Ende 2019 ruft die Schülerin Greta Thunberg voller Zorn und Entsetzen in die Menge von Entscheidungsträger*innen: „Wir beobachten euch!“ Anfangs lachen so manche Herren und Damen noch jovial. Zu verletzlich ist ihr Stolz. Doch ihr Lachen verhallt ungehört. Die Kraft der Worte lässt sich nicht aufhalten: „Jetzt suchen Sie alle Ihre Hoffnung bei uns jungen Menschen? Wie können Sie es wagen? Sie haben mir meine Träume und meine Kindheit gestohlen mit Ihren leeren Worten! […] Menschen leiden. Menschen sterben. Ganze Ökosysteme brechen in sich zusammen! […] Und alles was Sie tun, ist über Geld und […] über ewiges ökonomisches Wachstum zu reden! Wie können Sie es wagen?“ Wie Greta Thunberg, so spricht auch die Natur eine deutliche Sprache. Doch es ist die Sprache des Leidens, nicht die Sprache des Kampfes.
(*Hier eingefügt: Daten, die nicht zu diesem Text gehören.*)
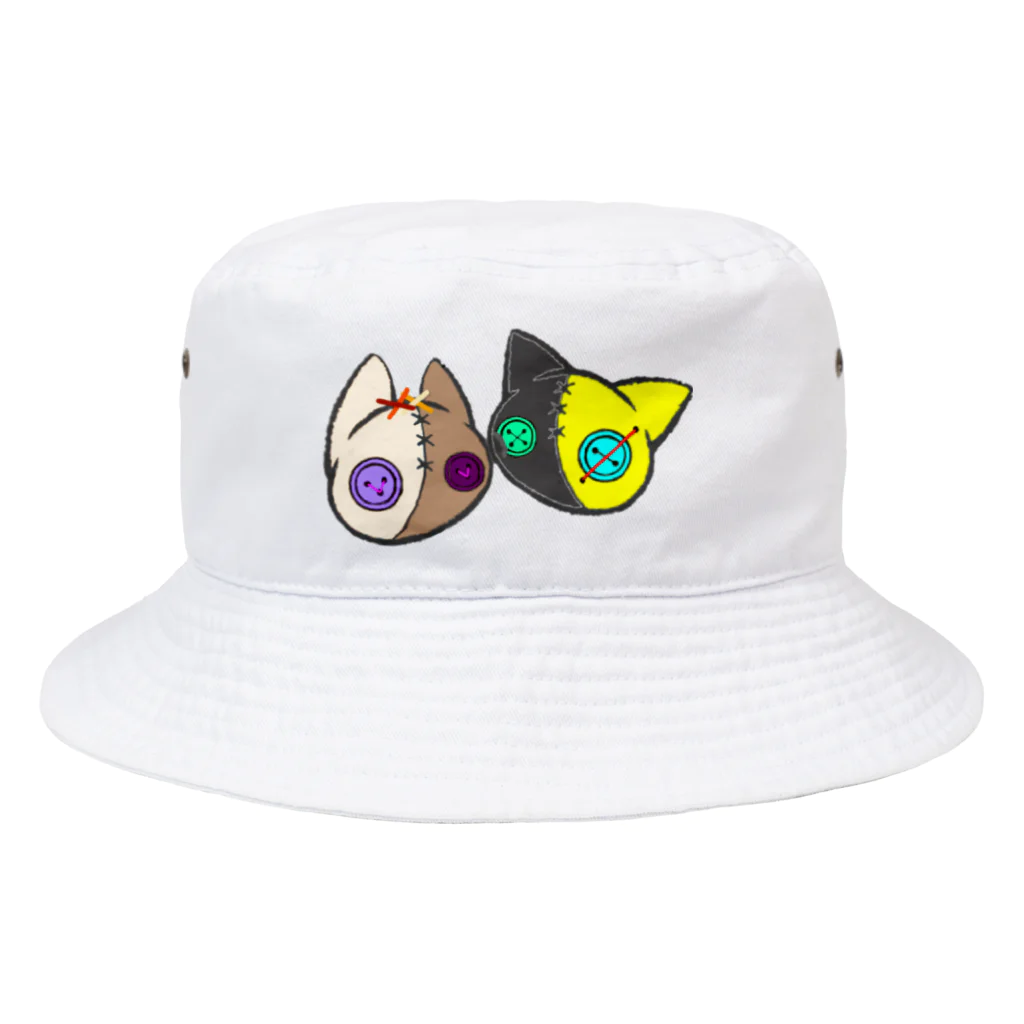 かがり思考作成場の【つむぎはぎシリーズ】トラとウマ Bucket Hat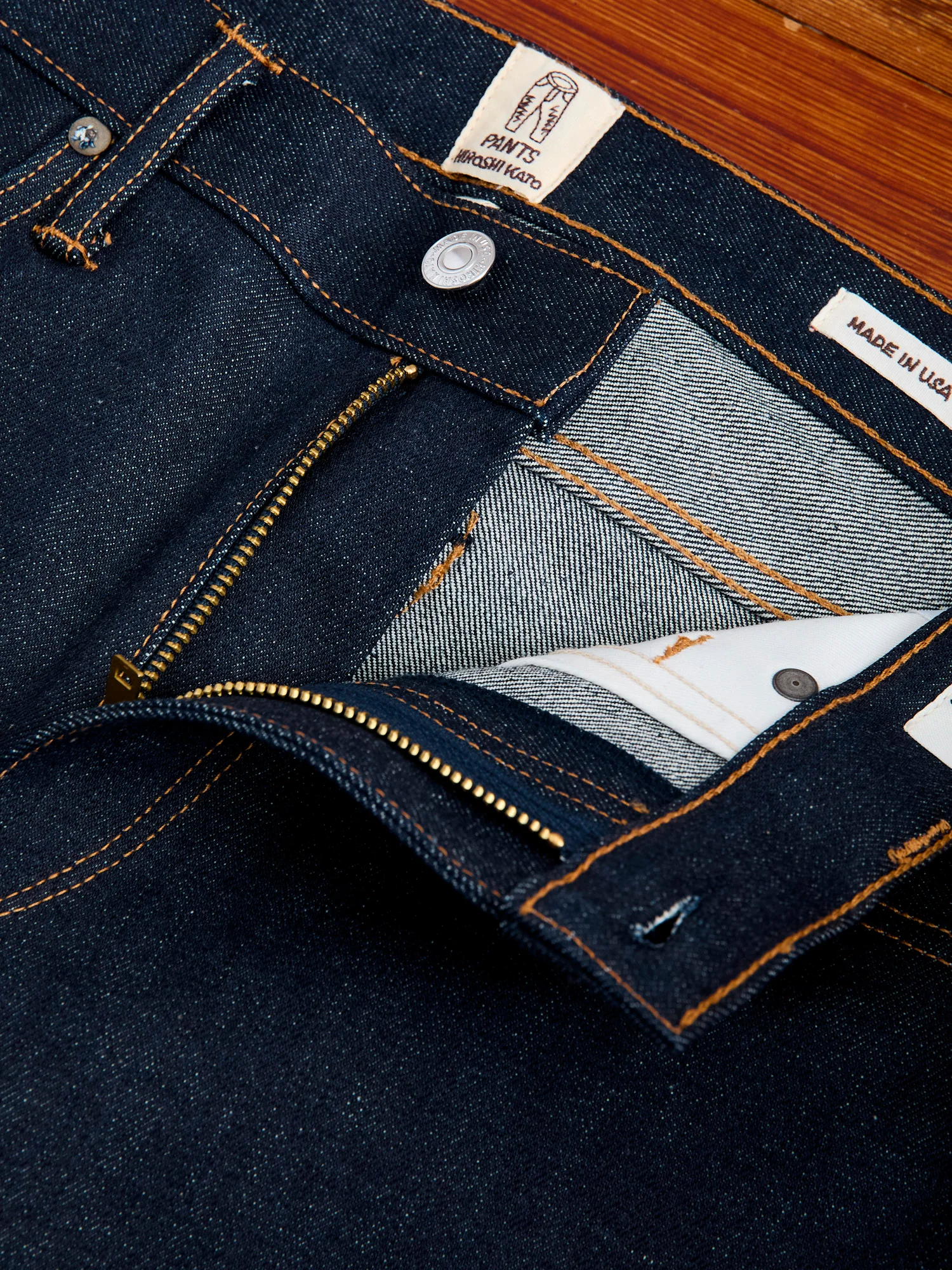 "Mammoth" 17.5oz Heavyweight Stretch Selvedge Denim - Pen Slim - Image 8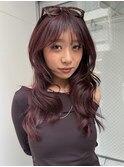 暖色カラーワインレッドボルドーカラー赤ダブルカラー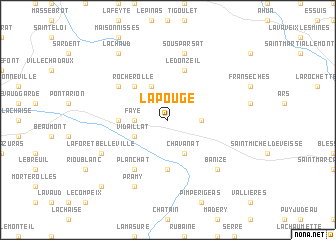 map of La Pouge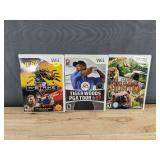 13 Nintendo Wii & Wii U Games - Tiger Woods, LEGO, Barbie, Star Wars, Just Dance *C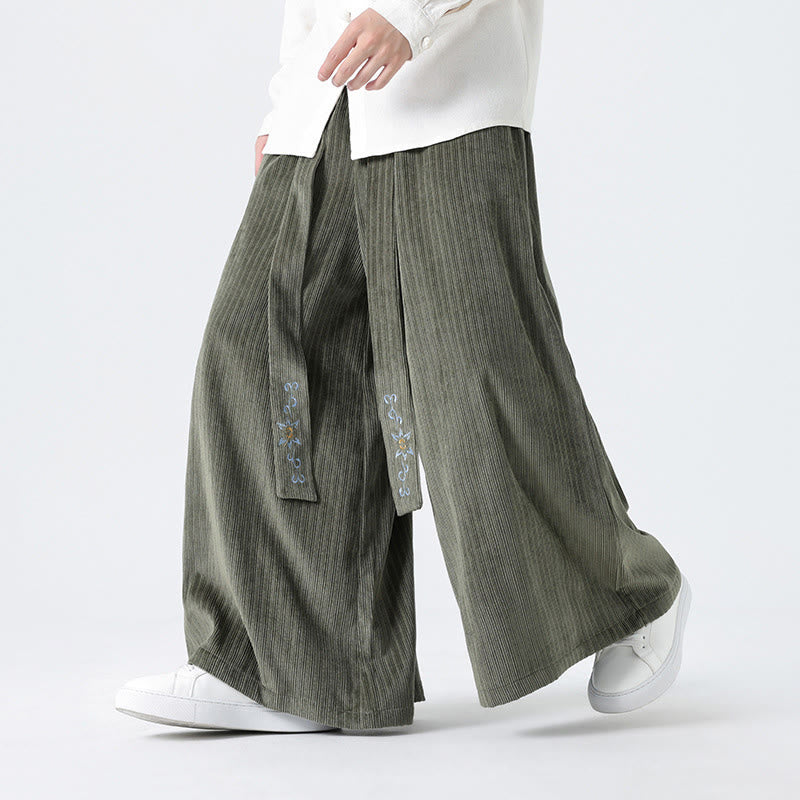Tactile Corduroy Wide-Leg Mindful Movement Pants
Ein Stück trockener Erde, ein Strahl der Sonne reicht, um die Wälder in Kalifornien in ewigen Brand zu stecken. Zwei Grad Celsius Erderwärmung bis 2035, wenn sich nichts ändert. Das bedeutet weltweite Ernteausfälle. Vier Grad Erderwärmung bis 2065, wenn sich nichts ändert. Dann kollabiert die gesamte Zivilisation. Wenn wir nichts ändern: Sechs Grad Erwärmung bis 2095. Und damit eine unbewohnbare Erde. Erschreckend nah diese Prognosen. Erschreckend, zu wissen, dass manche von uns, manche unserer Kinder, Geschwister und Enkel*innen diese Zerstörung erleben werden. Es sind diese jungen Menschen, die sich wehren, die schreien und wüten. Denn wenn sie schweigen, wer spricht dann?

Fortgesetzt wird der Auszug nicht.